With more than 30 years of experience with UWPD under his belt, interim University of Wisconsin Police Chief Brian Bridges knows the value of community engagement.
Bridges, who was appointed interim UWPD chief after UWPD Chief Susan Riseling announced her retirement this summer, said he looks to carry on Riseling’s 25-year legacy.
While in his position as temporary chief, Bridges said he will continue to work with UW and Madison communities, as he did during his time as a UWPD officer.
“What I get a reward out of is seeing how interactions with communities go and looking at things we can do for communities that are outside what we do,” Bridges said.
But Bridges said he believes interacting with communities is more than just protecting people in times of danger. He said it is important to educate communities about the impact they can have on each other.
Bridges said everyone needs to understand how their own personal beliefs and biases affect their perspectives and treatment of others. This need for understanding applies not only to the public, but to police officers as well, Bridges said.
“We need to understand our implicit biases and make sure they don’t cross the lines of treating someone differently because of the bias,” Bridges said.
Bridges said UWPD officers are being trained to reduce their personal biases toward each other and the community. Being part of UWPD demands that officers adapt to all kinds of situations and evolve their responses to change over time, he said.
UWPD also looks to keep communication with the Madison Police Department consistent, Bridges said. He said MPD and UWPD already have a good working relationship, which he aims to keep alive during his time as chief.
Bridges joined UWPD in 1984 and went on to become a captain and assistant chief.

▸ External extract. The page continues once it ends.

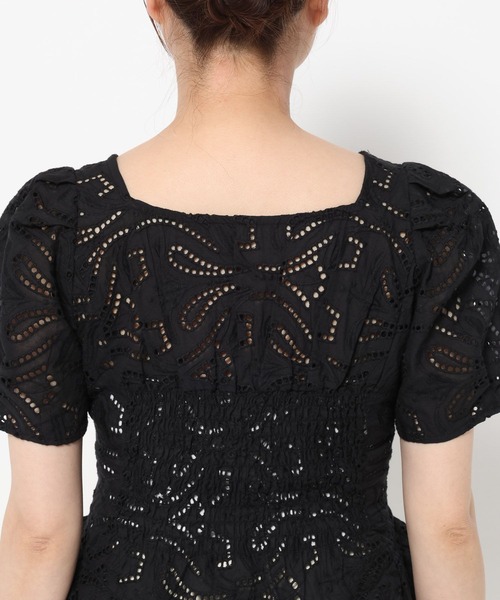 mysty woman（ミスティウーマン）の「総レースぺプラムブラウス　666035（シャツ/ブラウス・レディース・ブラック/オフホワイト・FREE）」の17枚目の写真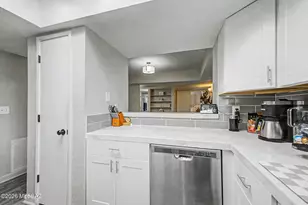 1852 S Skyview Pl, Tucson, AZ 85748 - Photo 15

His son Ryan Bridges, who was born while Bridges worked for UWPD, is now an officer himself. Though he does not meet his son at work often, Bridges said watching his son grow and learn as an officer is a fulfilling experience.
Bridges said “everything” about the UW community makes him proud to be a part of it. From students, faculty and staff to research and athletics, he looks forward to being more involved in keeping badgers safe. He advised incoming freshmen and other new students to use their time at UW to learn about and appreciate the differences in their environments instead of criticizing them.
“We’re happy students are here and hope you have a safe, productive academic year,” Bridges said. “We hope that you will learn what’s different about this place from where you came from.”
Currently, a nationwide search is being conducted to find a new chief, Bridges said. He said he wants to play a more advisory role and help other officers instead of being the chief. While Bridges plans to uphold the vision of UWPD during his time as interim chief, he said he might even retire after serving.
The new UWPD chief will be appointed around December 2016.